En una ciudad como Vigo, donde el estilo a menudo se inclina hacia una elegancia más relajada y funcional, el acto de vestir un traje con todos sus complementos es una declaración de intenciones. Y para mí, esa declaración se concentra en mis puños. Poseo varios pares, pero mis favoritos son unos de plata de ley, de diseño clásico y atemporal, con una pequeña y discreta incrustación de ónix negro. No son ostentosos, ni pretenden llamar la atención de forma evidente. Su valor es mucho más íntimo.

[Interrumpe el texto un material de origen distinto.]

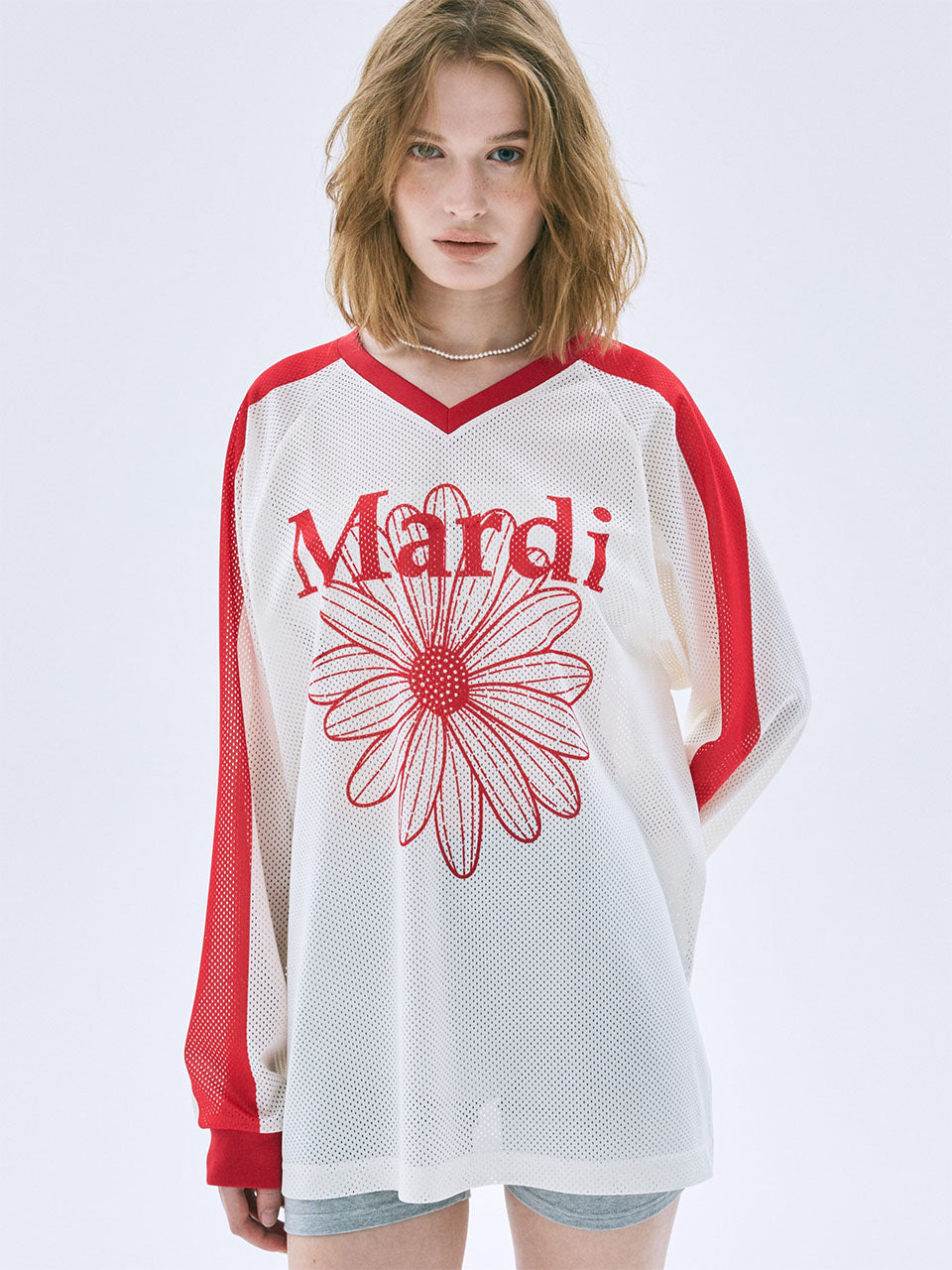 Mardi Mercredi - Mesh Jersey Top Long Sleeve Flowermardi (Ivory Red) product image 1 | TRAB K-Fashion Australia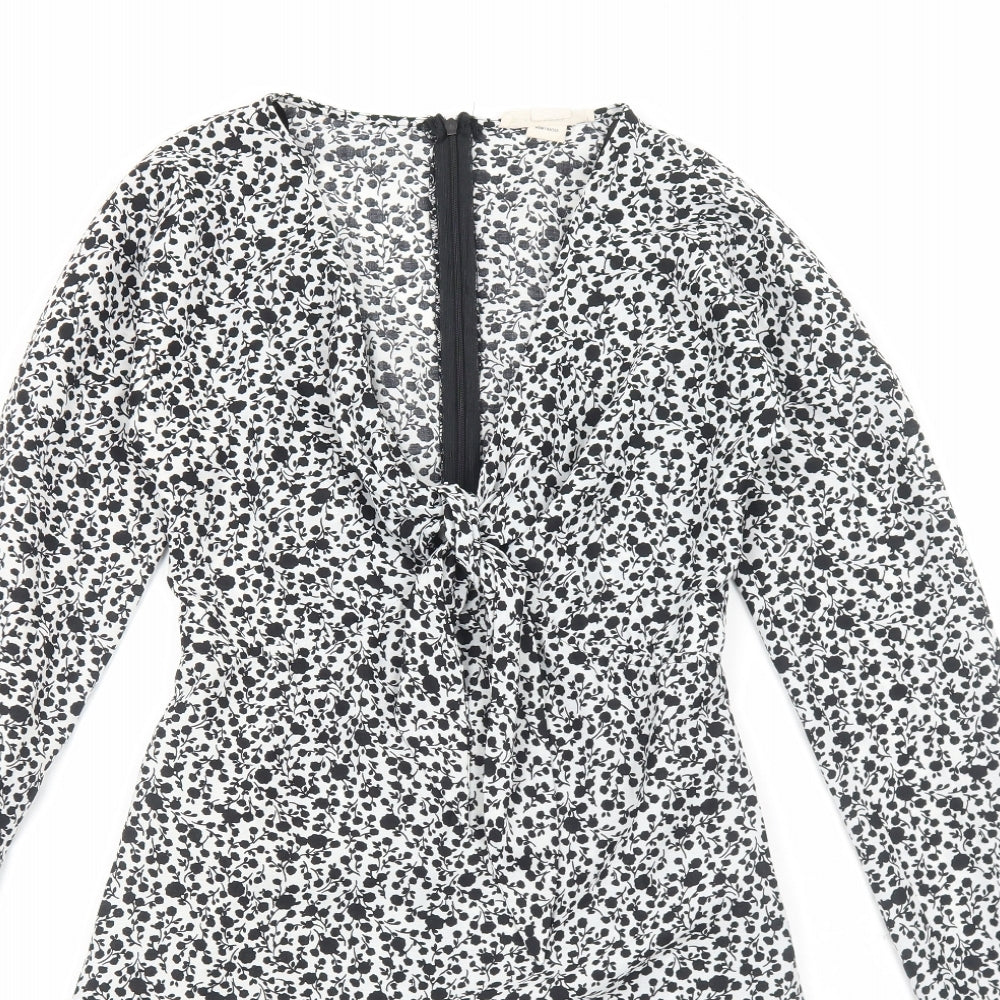 Glamorous Womens White Floral Polyester A-Line Size 8 V-Neck Zip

El momento de asegurar los puños de una camisa de doble ojal es mi pausa antes de salir al mundo. Es un gesto metódico, casi ceremonial. Mientras doblo la tela y paso el pequeño poste a través de los ojales, siento cómo se asienta todo. El clic seco y satisfactorio del cierre es la señal de que estoy listo. Ese pequeño peso en mis muñecas, el destello sutil de la piedra pulida cuando la luz la roza, es una fuente de confianza silenciosa. Es un secreto entre la tela y yo, un recordatorio de que la elegancia reside en los detalles que no todos ven, pero que uno mismo siente.
Para mí, llevar estos gemelos es mucho más que una simple cuestión de moda. Es un gesto de respeto por la ocasión y por mí mismo. Es un pequeño homenaje a una forma más clásica de entender el vestir, un contrapunto a la prisa y la uniformidad del mundo moderno. En el lienzo que es un traje oscuro, los gemelos son mi firma personal, el único punto de joyería que me permito y que concentra todo mi estilo.
Mientras que el traje me da la estructura y la formalidad, son mis gemelos los que le aportan el alma. Son ese detalle final que, sin pronunciar una sola palabra, lo dice absolutamente todo.